Chief Clark said: “On Chief Enahoro, I am not sure if he was not granted pardon by General Yakubu Gowon before he made him a Federal Commissioner of Information. I was with him throughout and I remember when Chief Obafemi Awolowo became the Vice Chairman of the Council, Enahoro was a Minister and I took over from him. I am not very sure if he was not pardoned by General Gowon.
“When he took over as the Head of State, he freed Awolowo and Enahoro. If the present government feels that they have not been pardoned, and decided to pardon him, we are very happy. Chief Anthony Enahoro was a leader, he was our leader and was the leader of Midwest region to the Constitutional Conference organised by General Yakubu Gowon.

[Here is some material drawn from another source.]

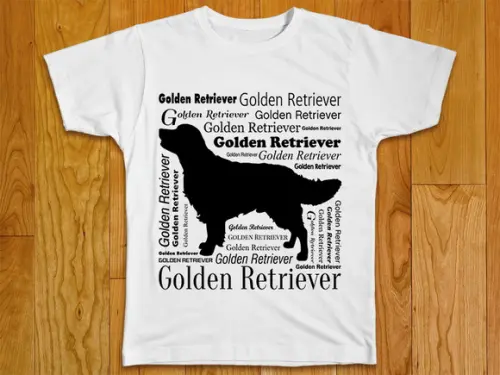 Camiseta Golden Retriever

We salute the President and congratulate Nigerians, Nigeria and South-South in particular.”
On Professor Ali, Chief Clark, who described his detention as political, said that the late former governor was a lecturer at the University of Benin and he (Clark) was responsible for his appointment, then as the Pro-chancellor of the ivory tower.
According to him, Ambrose Ali performed very well as governor of the defunct Bendel State and was instrumental to the establishment of Bendel State University, now Ambrose Ali University and Delta State University, Abraka, Delta State.

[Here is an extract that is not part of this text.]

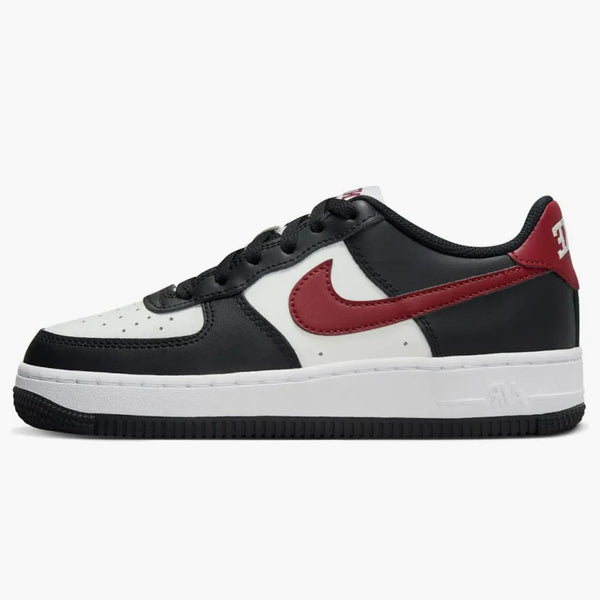 Nike Air Force 1 Low White Dark Team Red (gs)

Chief Clark said that though they were friends, he dragged Ali to court to challenge why Bendel State University should be cited where it is now and not Delta when there was an already existing one, University of Benin in Benin.
Clark said that Ambrose Ali fought for derivation for the Niger Delta region when he dragged President Shehu Shagari to court, adding that one interesting thing about the case was that the then Governor of Rivers State, late Melford Okilo even though belonged to the ruling party, joined Ali who was in the Unity Party of Nigeria, UPN.
According to Clark, prior to Ali dragging the Federal Government to Court, the constitution provided for 50 percent derivation to regions with the resources, but the military came and abrogated it, adding that at the advent of democracy in 1979, Ambrose Ali fought for its return and he won. One percent derivation was granted and it has risen the present 13 percent.